Date28th, Apr 2022

Summary:

Nicole Iverson’s groundbreaking research into using carbon nanotubes as disease sensors has received a boost from the National Science Foundation.

Full text:

Nicole Iverson’s groundbreaking research into using carbon nanotubes as disease sensors has received a boost from the National Science Foundation.

The assistant professor of biological systems engineering has received a five-year, $550,000 grant from the NSF’s Faculty Early Career Development Program to further her study using nanotubes to diagnose diseases such as diabetes and myriad forms of cancer.

Professor Nicole Iverson discusses work a project with post-doc Omer Sadak as Samereh Soleimani Babadi (in the background) views a heat map on the monitor. Iverson has received a five-year, $550,000 grant from the National Science Foundation's Faculty Early Career Development Program. The award supports her team's research into using carbon nanotubes as disease detectors and fighters. It also will be used for community outreach to expand understanding of nanotechnology. Photo by Craig Chandler | UNL Communication

Professor Nicole Iverson discusses work a project with post-doc Omer Sadak as Samereh Soleimani Babadi (in the background) views a heat map on the monitor. Iverson has received a five-year, $550,000 grant from the National Science Foundation’s Faculty Early Career Development Program. The award supports her team’s research into using carbon nanotubes as disease detectors and fighters. It also will be used for community outreach to expand understanding of nanotechnology. Photo by Craig Chandler | UNL Communication

Iverson also plans to use the award to expand community outreach to understand her work further and make the field of nanoscience more accessible to the general public.

“About 30 years ago, it was unthinkable to many that a whole world exists on a smaller scale than could be seen by a microscope,” Iverson said. “And new technologies can be very much misunderstood. If I can explain nanoscience and this research to people, especially when it’s sometimes counterintuitive to what we know about science, that can open doors in so many directions.”

A rolled-up sheet of carbon small enough to be considered one-dimensional is wrapped with a DNA strand in developing the innovative sensing platform. The outside is water-attracting and allows the otherwise water-repelling carbon inside the nanotube to remain in a body made up mostly of water.

The researchers will pair a nanotube that can detect hydrogen peroxide with another nanotube that detects hydrogen and nitric oxide. Laser light will be shined on the tubes, and the amount of light that is fluoresced, or emitted, can be measured.

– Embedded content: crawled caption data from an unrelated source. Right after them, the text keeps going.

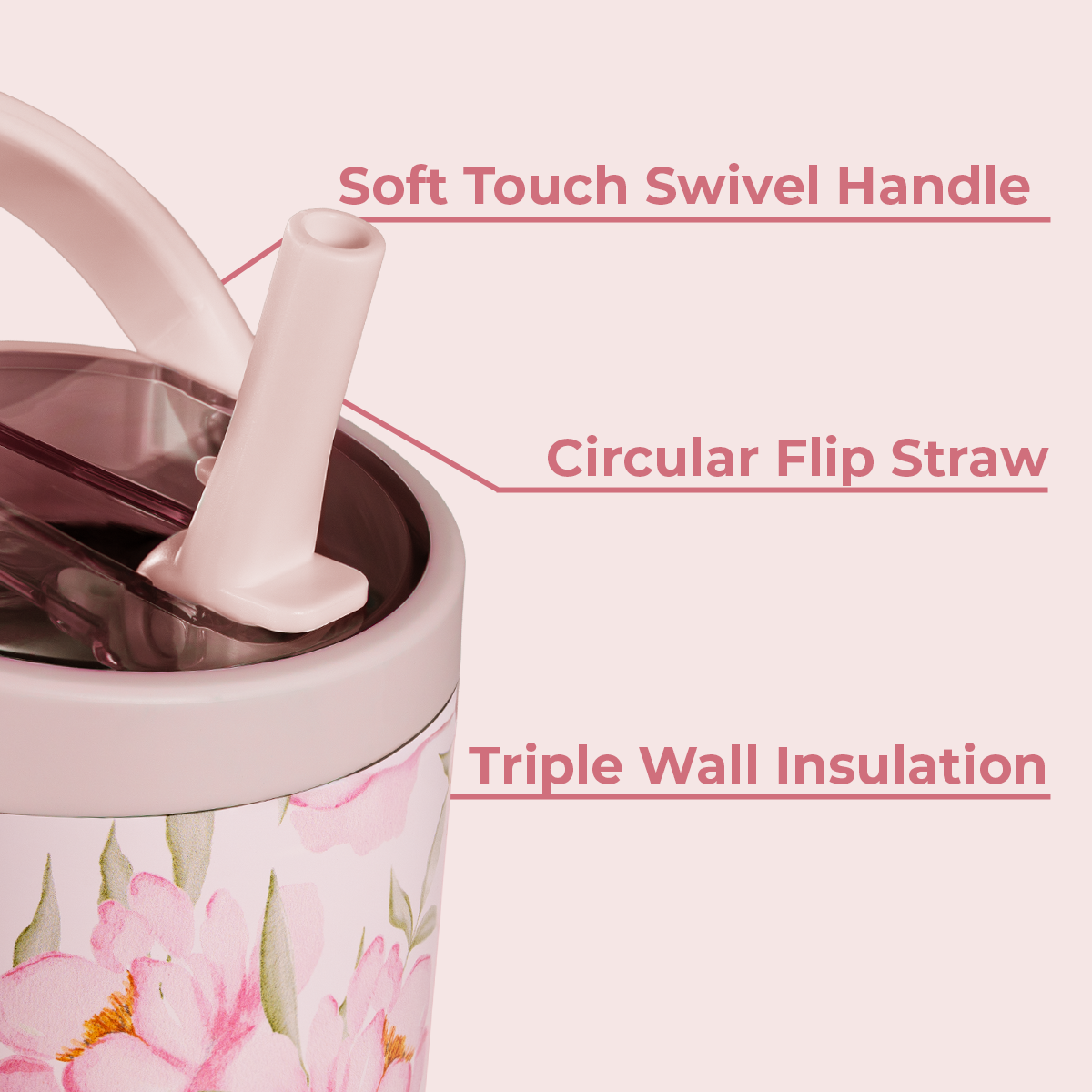 jessica-32oz-946ml-f1 Sport32-Jessica-WPI-6.png
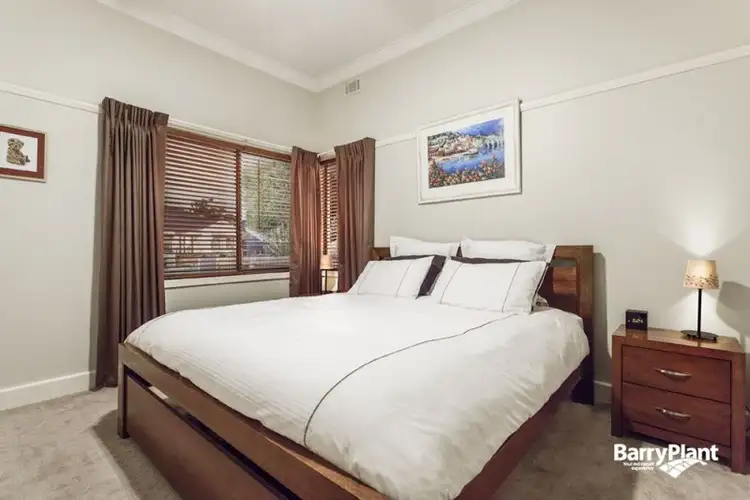 Sixth view of Homely house listing, 13 Harborne Street, Macleod VIC 3085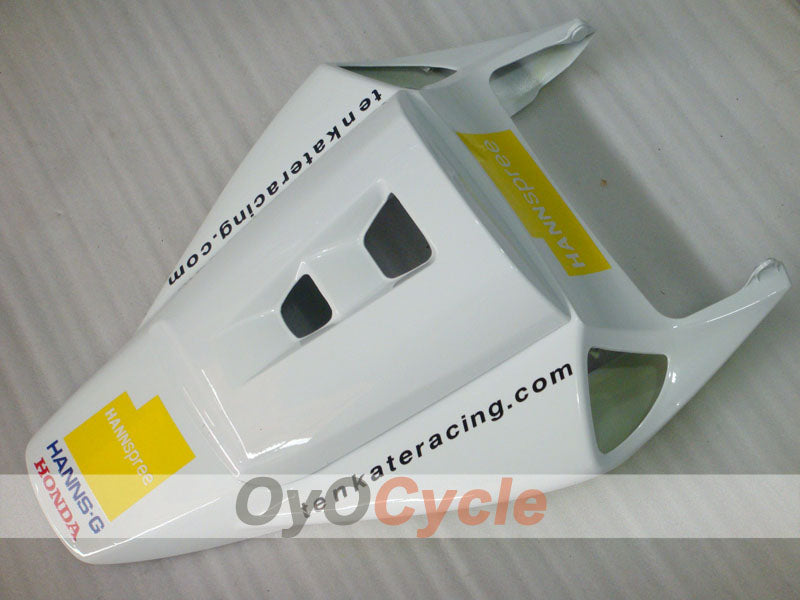 Heckverkleidung + Sitzabdeckung für Honda 04-05 CBR1000RR #OYO87906539 Hauptbild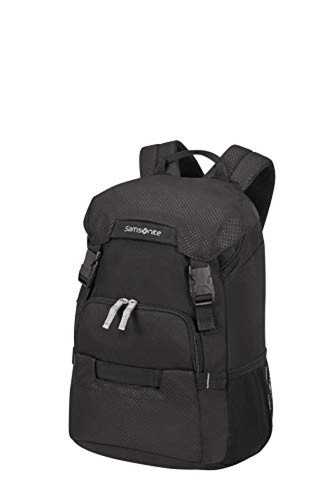 Pollici 44 cm - (tg.,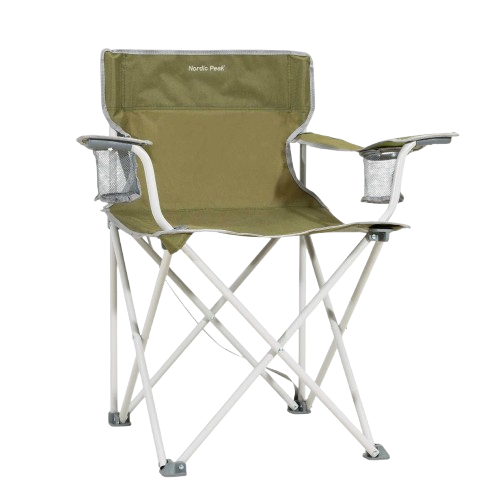 nordic-peak-festivalstol-med-2-kopholdere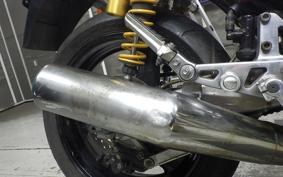 HONDA CB750F С 1984 RC04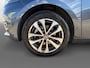 Renault Zoe R135 Intens 52 kWh Automaat | Navi | Camera | Cruise Control | Parkeersensoren | Apple CarPlay/Android Auto | Climate Control | Lichtmetalen Velgen | Digital Cockpit | Licht & Regen Sensor |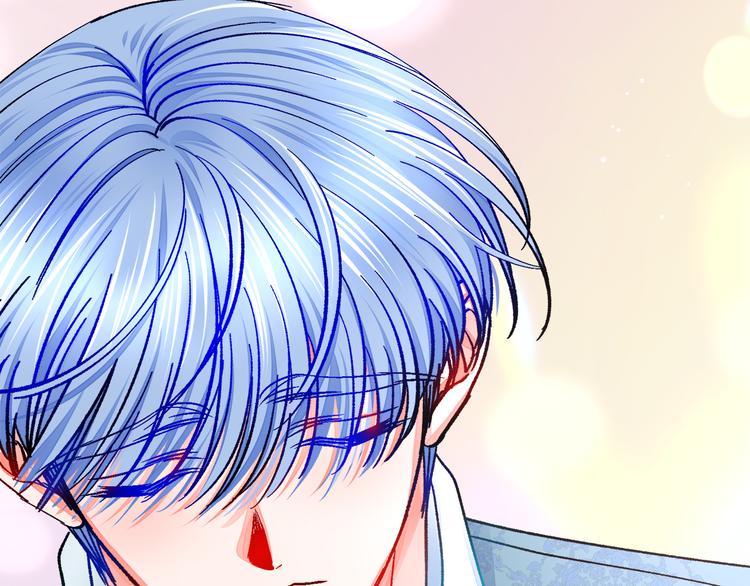 第58话 苏醒190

“It’s a ‘turn-off’ sensor, which can confuse people,” Iverson said. “It goes back to fundamental physics and chemistry.

“You excite an electron, and it will hop up to the lowest unoccupied molecular orbit. Then it loses energy and gives off light as it falls back down and decays. The electron can’t go up as far with nitric oxide, so when it falls back, there’s not enough energy to fluoresce, so it’s turning the sensor off.”

Iverson said that the subtraction of hydrogen peroxide leaves behind nitric oxide, which has been challenging to detect and measure because it degrades very quickly — typically in less than a millisecond.

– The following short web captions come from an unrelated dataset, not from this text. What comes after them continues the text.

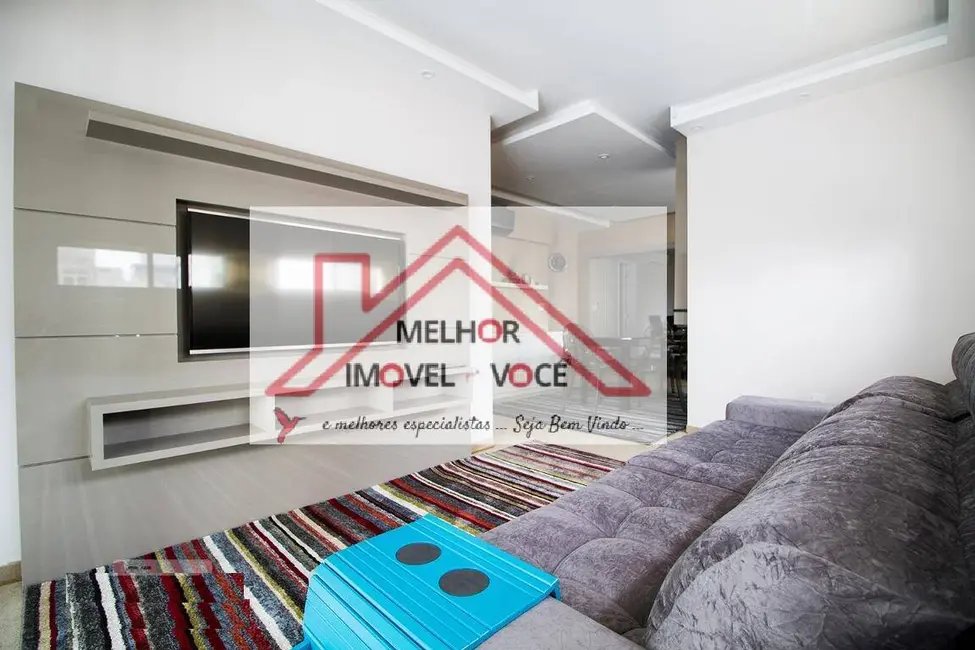 Foto 2 de Apartamento com 2 quartos para alugar, 90m2 em Cerqueira César, São Paulo - SP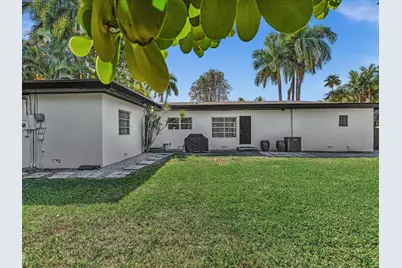 1619 SE 4th Street, Fort Lauderdale, FL 33301 - Photo 52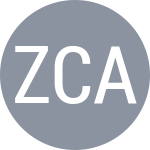 R Zirnwald / A P Campos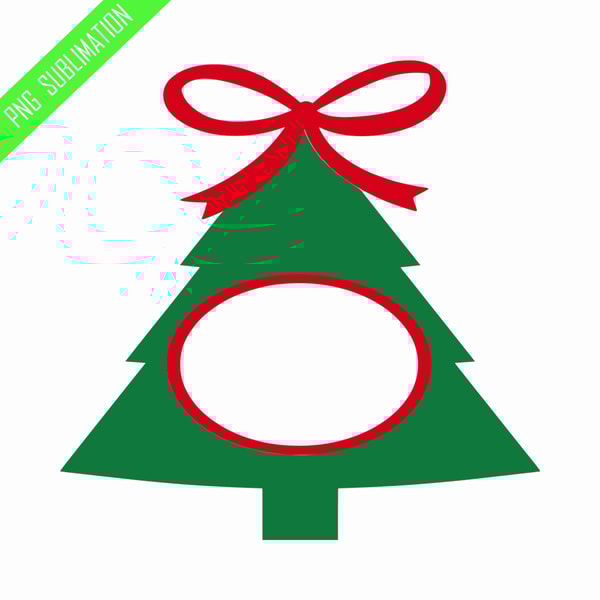 CRMAP1408231111-Christmas tree png.png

By contrast, when subtracting nitric oxide, all that remains is the hydrogen peroxide, which has been challenging to detect and measure because of the lack of a real-time sensor that is many times smaller than a human cell, Iverson said.

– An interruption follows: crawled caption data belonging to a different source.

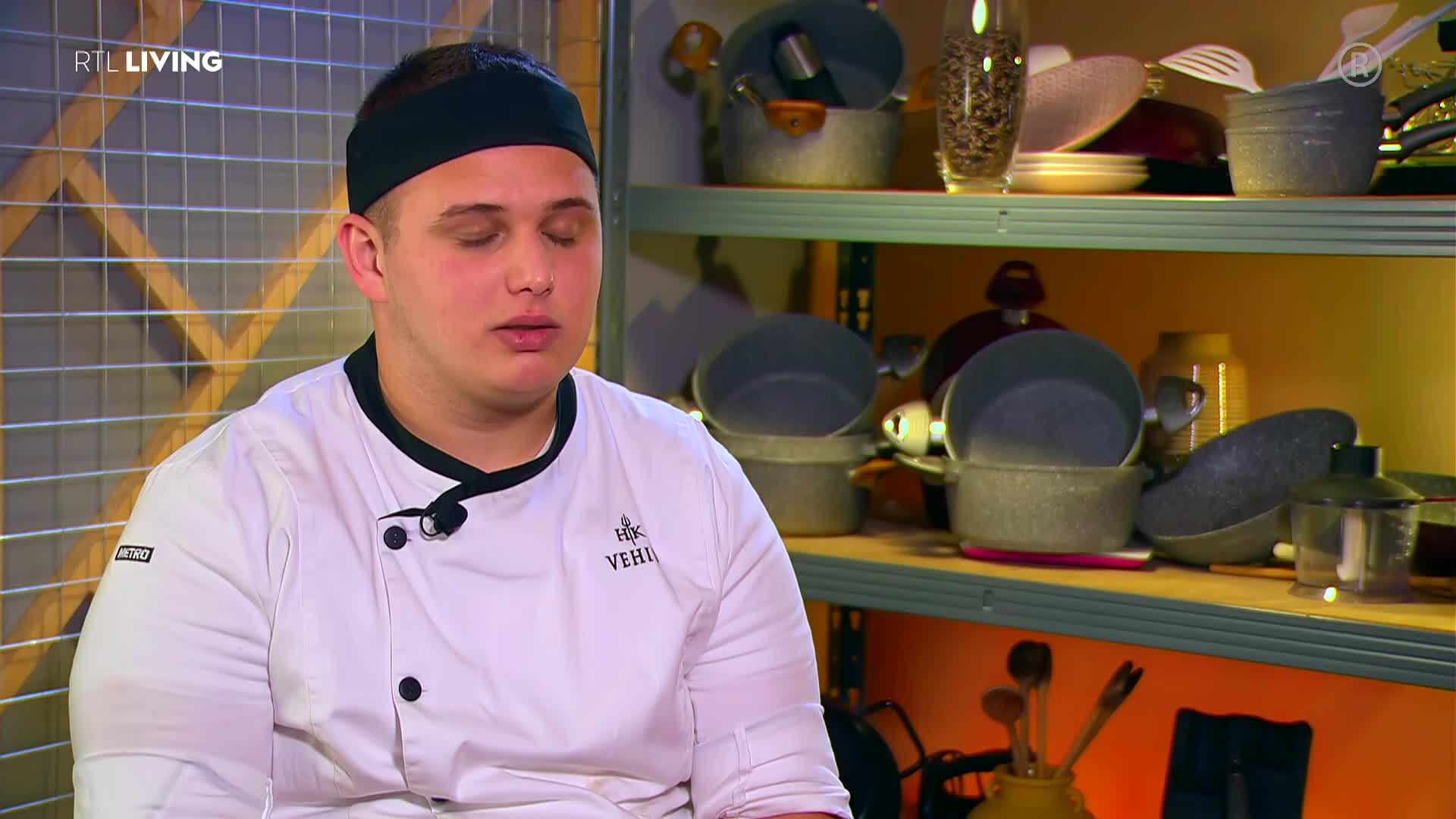RTLLiving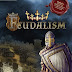 [ PC ] [ 1-PART ] Feudalism [ POSTMORTEM ] [ 504MB ] [ MEGA ]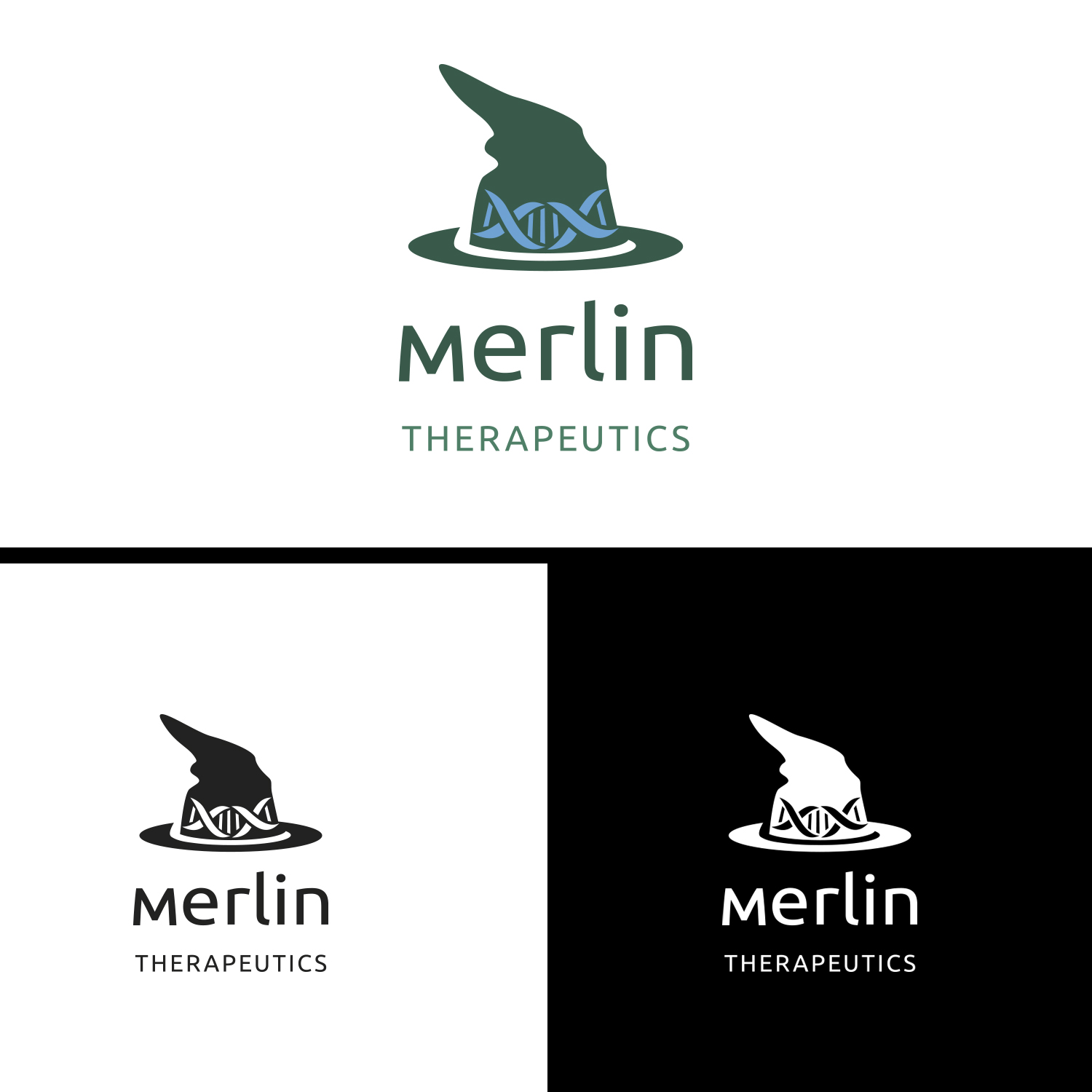 Logo Design by Wally_F for B & A Health Services, PLLC | Design #28523762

Joseph Stapleton, an undergraduate researcher and graduate student in Iverson’s lab, helped design a platform that allows the technique to find the actual concentration of nitric oxide and hydrogen peroxide with a carbon nanotube.

“It’s the students making some of these advances, and that’s amazing,” Iverson said. “People will be using this platform to develop ways to fight other diseases.”

Ultimately, the research team believes its nanotube-based detector could change medicine.

“Imagine if you could develop an insulin sensor for diabetics that could continuously detect what’s going on in their blood. It must only be implanted once a year, instead of having to prick your finger every day,” Iverson said. “Or if a person living in a rural area had something that alerts their smartphone and tells them to go to a doctor or the hospital. It could save lives by getting us better information much faster.”